Expressão Portuguesa. Lisboa: Universidade aberta, 1995, p. 353-363.
Por: Maria Vanessa de Sousa (UESPI)

O presente texto, tendo como base o texto de Inocência Mata, objetiva observar como
se deu o desenvolvimento da literatura de Guiné-Bissau desde sua literatura colonial até as
produções de sua literatura já independente. Como fez Mata, serão destacados os principais
autores que trabalharam para a consagração da literatura guineense, e as antologias que tratam
deles.
A literatura guineense, como observa Inocência Mata, foi recorrentemente tratada pelo
vazio literário pelo qual passou. Essa literatura, se comparada às demais literaturas de língua
portuguesa, é tardia e escassa. Contudo, esse surgimento tardio não faz jus à alcunha de
inexistente. O aparecimento dessa literatura foi prejudicado por diversas questões de ordem
histórica e sociocultural. Muitas dessas razões decorrem do fato de, por exemplo, as guerras
de resistência africanas contra a ocupação portuguesa terem durado até a 2ª década do século
XIX. Isto certamente dificultou a implantação de estruturas que, como ocorreu nas outras
colônias, proporcionassem o acesso da população à instrução.

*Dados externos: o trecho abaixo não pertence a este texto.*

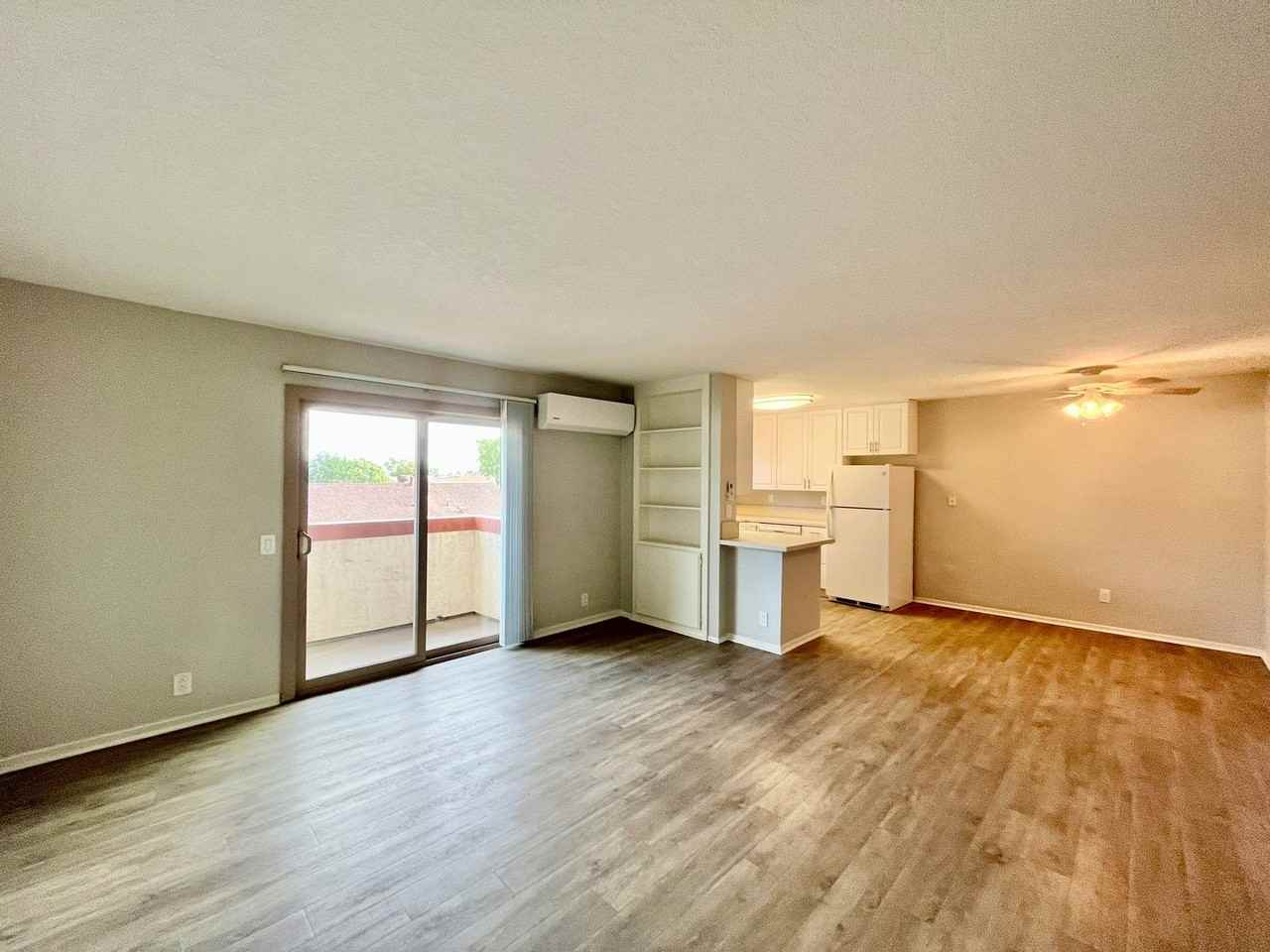 4415 Clairemont Dr #4 - Photo 3 of 14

Somente em 1880, após a implantação de uma tipografia na capital da Guiné em 1879,
é publicado o primeiro periódico, o Boletim Oficial da Guiné, 40 anos depois surge o jornal
Ecos da Guiné (1920), seguido por A voz da Guiné- quinzenário republicano independente
(1922) e Pró-Guiné (1924), sendo este ultimo órgão do Partido Republicano Democrático.
Sendo estas publicações de portugueses radicados, o primeiro jornal editado por um guineense
foi O Comércio da Guiné, de 1930, que, porém, não se afastou do discurso colonial mesmo
tendo sido denominado Órgão dos interesses da colônia.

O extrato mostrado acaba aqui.